Another friend, Janice, surprises me with such food gifts as mouthwatering scones. The food, prepared with that special touch, disappears quickly.
I open letters that contain recipes from my mother. She’s from Rhode Island, and the New England recipes are always variations I’ve never tried.
When I go to pick up one of my older daughters from middle school at the end of the day, my 5-year-old is offered graham crackers - brought specifically for her - by a woman whose daughter also attends the school. The woman and I chat most days as we wait in our cars, and we have more than one connection: We each have a daughter with a disability.
One of my most precious memories of food gifts was from St.

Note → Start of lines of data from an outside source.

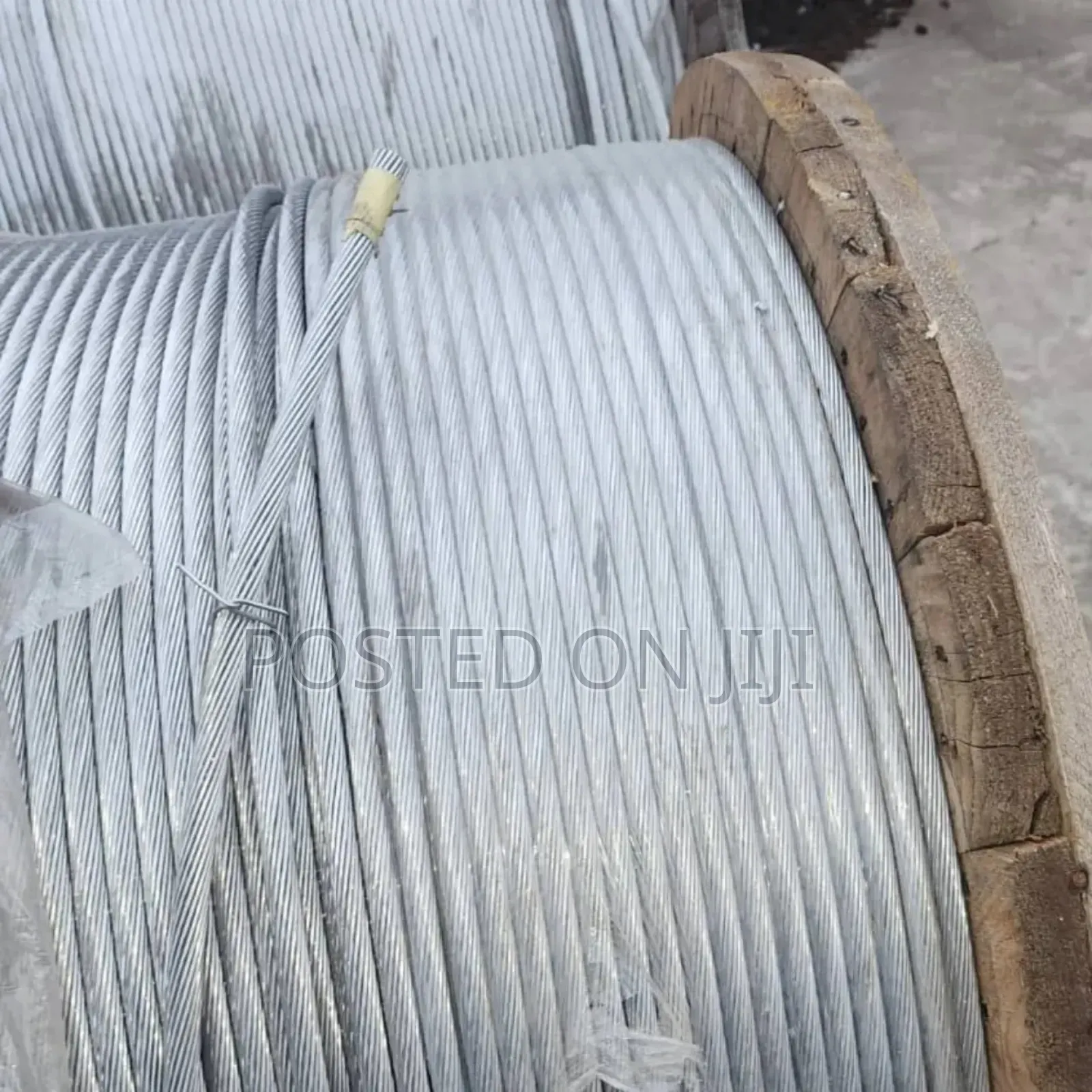 150mm Aac Nigeria High Quality Aluminium Conductor Cable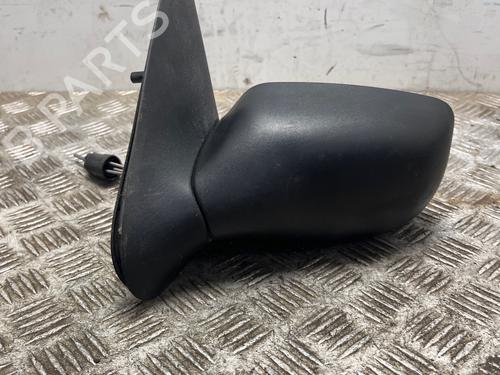 Bakspejl venstre Bakspejl venstre MAZDA 121 III (JASM, JBSM) 1.8 D (60 hp) 39702437 39702437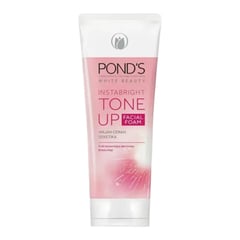 Pond's Instabright Tone Up Facial Foam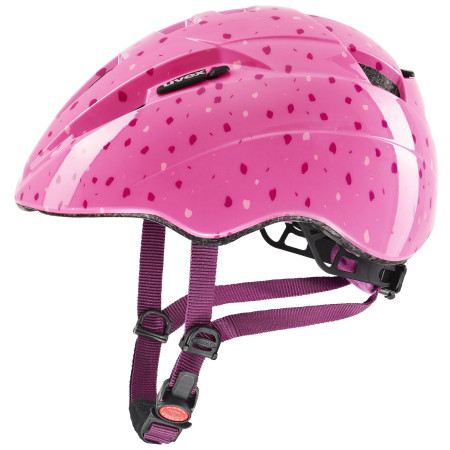 Casque vélo enfant Uvex Kid 2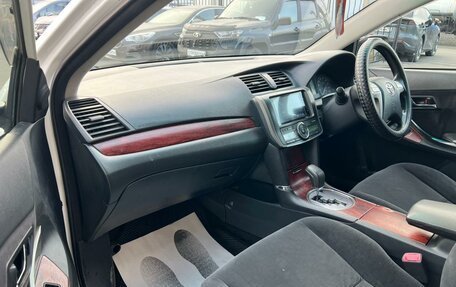 Toyota Premio, 2008 год, 1 179 000 рублей, 12 фотография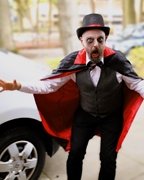 7° Kki Happy Haloween Oldtimerrit -  5 oktober 2025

Mark’s Lutheran Church Preschool, when my youngest child was born. The women presented me with dozens of freezer-ready casseroles to help me through those long, sleepless days of adjusting to a newborn and taking care of two older children. My heart is full of gratitude.
Make something special for that neighbor and friend who is always there for you, and the gift of love will be returned a hundredfold.
Brazilian Black Beans
From “Lucy Waverman’s Fast & Fresh Cookbook” (Firefly Books, 1997).
2 tablespoons vegetable oil
1 large onion, chopped
3 cloves garlic, finely chopped
2 cups chopped tomatoes
2 cups cooked black beans, fresh or canned
1 teaspoon ground cumin
1/4 teaspoon cayenne pepper
1 tablespoon red wine vinegar
Salt to taste
1/4 cup nonfat sour cream
Heat the oil in a large skillet over medium heat. Add the onion and garlic and saute until the onion is softened, about 5 minutes.
Add the tomato, beans, cumin, cayenne and vinegar. Stir together and bring to a boil. Lower the heat and simmer, uncovered, for 5 minutes. Season well with salt.
Serve over rice, with a dollop of sour cream on each serving.
Yield: 4 servings.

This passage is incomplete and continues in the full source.